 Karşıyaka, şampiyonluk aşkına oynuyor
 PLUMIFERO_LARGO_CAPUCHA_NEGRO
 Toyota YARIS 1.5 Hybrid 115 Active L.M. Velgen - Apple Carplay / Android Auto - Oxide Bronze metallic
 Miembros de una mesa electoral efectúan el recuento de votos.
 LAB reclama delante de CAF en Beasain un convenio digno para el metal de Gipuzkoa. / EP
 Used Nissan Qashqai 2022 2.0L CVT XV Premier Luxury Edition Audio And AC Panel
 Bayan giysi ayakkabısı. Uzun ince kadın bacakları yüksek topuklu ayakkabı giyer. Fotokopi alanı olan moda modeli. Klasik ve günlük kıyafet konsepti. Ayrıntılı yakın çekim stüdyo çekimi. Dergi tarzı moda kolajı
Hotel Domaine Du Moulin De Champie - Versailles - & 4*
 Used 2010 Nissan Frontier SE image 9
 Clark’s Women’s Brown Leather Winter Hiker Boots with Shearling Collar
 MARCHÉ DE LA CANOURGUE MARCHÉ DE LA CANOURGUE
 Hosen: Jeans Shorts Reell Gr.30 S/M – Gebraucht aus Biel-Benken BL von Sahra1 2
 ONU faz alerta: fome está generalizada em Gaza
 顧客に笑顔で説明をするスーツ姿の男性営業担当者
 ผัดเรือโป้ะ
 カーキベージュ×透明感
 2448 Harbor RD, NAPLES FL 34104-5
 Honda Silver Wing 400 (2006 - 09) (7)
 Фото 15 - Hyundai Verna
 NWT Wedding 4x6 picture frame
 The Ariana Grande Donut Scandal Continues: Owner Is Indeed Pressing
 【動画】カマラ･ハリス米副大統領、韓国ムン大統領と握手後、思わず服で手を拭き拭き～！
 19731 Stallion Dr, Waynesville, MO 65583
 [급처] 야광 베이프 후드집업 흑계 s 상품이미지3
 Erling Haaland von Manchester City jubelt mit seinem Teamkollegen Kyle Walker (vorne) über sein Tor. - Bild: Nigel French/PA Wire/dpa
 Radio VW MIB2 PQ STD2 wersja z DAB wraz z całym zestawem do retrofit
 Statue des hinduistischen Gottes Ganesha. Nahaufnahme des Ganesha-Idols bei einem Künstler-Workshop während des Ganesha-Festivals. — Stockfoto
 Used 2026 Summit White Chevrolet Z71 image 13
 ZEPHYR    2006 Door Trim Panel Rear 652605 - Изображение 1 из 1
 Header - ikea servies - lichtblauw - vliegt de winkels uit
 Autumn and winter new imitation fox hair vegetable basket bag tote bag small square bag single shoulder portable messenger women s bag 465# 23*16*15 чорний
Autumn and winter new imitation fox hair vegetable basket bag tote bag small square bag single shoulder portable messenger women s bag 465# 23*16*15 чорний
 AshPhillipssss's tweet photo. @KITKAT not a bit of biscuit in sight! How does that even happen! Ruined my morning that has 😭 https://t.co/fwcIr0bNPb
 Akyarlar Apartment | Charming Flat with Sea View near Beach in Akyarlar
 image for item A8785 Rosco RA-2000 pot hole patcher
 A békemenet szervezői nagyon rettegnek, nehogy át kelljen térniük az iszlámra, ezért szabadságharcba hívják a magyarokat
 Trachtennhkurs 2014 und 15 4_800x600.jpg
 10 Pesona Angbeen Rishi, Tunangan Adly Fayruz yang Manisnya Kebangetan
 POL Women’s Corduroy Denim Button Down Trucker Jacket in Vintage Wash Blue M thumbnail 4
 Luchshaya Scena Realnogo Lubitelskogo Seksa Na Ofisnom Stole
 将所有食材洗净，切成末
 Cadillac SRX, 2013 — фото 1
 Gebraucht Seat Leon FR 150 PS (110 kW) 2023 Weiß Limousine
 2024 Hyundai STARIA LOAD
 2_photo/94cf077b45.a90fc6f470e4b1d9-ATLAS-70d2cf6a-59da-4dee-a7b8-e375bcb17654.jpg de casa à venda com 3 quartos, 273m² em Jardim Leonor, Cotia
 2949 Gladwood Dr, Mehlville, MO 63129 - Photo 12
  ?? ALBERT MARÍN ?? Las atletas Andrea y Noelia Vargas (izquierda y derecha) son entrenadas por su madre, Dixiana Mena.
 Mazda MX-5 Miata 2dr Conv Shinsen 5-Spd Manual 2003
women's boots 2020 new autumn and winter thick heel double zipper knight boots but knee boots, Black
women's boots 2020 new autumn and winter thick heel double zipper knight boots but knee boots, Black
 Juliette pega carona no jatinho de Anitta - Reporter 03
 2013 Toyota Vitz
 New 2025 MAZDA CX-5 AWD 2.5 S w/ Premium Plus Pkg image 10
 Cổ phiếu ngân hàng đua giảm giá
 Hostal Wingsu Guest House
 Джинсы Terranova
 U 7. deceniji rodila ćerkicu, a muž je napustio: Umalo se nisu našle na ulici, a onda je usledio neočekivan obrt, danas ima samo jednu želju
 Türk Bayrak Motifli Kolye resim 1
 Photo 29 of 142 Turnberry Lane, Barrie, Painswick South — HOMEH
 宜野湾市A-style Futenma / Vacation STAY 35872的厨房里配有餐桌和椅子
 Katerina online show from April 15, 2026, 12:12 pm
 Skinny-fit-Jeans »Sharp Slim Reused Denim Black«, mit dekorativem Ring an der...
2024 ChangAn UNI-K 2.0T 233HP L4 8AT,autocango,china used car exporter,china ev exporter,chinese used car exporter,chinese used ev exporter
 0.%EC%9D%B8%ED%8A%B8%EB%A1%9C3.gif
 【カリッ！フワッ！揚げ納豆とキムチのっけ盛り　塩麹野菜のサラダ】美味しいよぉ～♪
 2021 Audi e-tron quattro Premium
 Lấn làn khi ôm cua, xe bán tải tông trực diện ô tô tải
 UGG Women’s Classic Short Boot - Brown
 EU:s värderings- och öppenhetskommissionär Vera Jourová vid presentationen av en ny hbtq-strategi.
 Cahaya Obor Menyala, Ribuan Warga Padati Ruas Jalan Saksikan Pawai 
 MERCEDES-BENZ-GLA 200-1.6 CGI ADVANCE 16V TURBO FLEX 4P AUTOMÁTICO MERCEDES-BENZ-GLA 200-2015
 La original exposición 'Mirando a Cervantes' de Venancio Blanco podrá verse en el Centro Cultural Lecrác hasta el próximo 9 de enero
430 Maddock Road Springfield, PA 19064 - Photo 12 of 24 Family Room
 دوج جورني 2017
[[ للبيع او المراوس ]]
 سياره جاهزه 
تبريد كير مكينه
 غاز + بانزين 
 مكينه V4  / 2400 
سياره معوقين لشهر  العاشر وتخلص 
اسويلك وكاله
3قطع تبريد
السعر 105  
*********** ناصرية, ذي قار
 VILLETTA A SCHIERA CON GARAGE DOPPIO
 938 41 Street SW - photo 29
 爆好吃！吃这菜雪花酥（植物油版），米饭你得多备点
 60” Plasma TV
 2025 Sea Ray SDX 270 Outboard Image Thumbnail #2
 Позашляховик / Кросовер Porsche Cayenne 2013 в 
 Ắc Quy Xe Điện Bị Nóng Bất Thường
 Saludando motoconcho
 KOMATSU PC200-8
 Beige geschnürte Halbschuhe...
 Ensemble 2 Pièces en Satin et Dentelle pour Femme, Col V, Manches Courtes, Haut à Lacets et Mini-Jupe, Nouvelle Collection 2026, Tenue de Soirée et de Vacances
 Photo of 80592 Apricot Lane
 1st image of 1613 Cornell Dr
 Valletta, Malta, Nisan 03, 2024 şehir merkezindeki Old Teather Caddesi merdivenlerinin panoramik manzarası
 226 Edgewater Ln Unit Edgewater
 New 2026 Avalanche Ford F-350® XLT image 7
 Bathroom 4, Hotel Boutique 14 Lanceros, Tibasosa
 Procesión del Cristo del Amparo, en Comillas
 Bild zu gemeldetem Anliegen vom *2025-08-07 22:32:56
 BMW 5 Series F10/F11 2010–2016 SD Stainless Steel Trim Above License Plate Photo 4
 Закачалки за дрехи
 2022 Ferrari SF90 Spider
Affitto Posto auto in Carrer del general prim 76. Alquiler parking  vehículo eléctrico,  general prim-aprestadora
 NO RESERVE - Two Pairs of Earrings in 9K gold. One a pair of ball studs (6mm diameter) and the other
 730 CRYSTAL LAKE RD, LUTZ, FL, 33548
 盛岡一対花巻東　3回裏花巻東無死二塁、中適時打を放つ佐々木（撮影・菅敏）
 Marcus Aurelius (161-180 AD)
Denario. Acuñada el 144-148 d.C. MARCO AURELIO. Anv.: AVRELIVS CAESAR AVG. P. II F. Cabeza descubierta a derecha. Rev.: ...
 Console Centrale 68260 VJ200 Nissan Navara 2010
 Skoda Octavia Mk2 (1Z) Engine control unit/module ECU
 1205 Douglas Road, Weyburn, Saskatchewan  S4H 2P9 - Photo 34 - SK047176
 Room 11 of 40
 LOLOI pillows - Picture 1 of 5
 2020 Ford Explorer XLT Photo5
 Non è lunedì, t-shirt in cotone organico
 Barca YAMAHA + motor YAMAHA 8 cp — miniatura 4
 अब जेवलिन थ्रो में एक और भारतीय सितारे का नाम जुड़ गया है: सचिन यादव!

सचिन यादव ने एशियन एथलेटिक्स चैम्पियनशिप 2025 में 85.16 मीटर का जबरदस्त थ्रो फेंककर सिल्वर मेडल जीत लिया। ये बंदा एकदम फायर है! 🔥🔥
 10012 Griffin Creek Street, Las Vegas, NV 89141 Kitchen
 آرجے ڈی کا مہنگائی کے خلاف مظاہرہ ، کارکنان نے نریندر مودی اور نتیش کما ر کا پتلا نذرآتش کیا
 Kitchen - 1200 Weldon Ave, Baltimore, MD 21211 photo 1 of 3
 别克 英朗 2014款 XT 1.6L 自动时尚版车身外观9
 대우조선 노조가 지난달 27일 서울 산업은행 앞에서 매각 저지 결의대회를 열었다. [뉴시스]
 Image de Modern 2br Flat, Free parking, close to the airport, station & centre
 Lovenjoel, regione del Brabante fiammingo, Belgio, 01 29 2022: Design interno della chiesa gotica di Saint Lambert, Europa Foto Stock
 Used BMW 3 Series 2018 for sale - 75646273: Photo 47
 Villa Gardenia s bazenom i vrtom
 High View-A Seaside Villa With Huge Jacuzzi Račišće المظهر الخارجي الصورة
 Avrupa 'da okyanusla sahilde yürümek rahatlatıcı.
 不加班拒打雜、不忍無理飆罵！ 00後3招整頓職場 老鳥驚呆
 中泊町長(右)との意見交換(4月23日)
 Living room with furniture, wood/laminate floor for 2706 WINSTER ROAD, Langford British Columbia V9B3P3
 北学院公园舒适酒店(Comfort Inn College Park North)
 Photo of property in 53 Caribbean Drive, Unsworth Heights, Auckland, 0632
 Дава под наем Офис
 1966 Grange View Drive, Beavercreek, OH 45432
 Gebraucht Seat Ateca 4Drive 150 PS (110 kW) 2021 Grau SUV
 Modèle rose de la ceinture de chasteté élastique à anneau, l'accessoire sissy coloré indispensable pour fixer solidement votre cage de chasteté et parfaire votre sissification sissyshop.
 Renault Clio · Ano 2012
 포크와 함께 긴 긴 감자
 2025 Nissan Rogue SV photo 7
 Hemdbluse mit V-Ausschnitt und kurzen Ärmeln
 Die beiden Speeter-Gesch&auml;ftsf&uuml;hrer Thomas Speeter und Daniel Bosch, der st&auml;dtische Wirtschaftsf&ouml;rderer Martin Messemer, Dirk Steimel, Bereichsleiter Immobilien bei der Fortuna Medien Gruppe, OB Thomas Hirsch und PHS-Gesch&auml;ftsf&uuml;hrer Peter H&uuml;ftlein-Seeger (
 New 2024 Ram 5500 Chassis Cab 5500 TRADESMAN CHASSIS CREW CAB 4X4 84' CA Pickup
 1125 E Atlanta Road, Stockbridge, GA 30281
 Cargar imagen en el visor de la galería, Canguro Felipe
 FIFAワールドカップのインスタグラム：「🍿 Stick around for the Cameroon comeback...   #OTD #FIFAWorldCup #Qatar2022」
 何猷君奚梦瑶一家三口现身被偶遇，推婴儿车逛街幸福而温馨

---*---

## Directions for this task
Locate the word "Villa" in the records and collect each line it appears in.

## Solution to the exercise
 Villa Gardenia s bazenom i vrtom
 High View-A Seaside Villa With Huge Jacuzzi Račišće المظهر الخارجي الصورة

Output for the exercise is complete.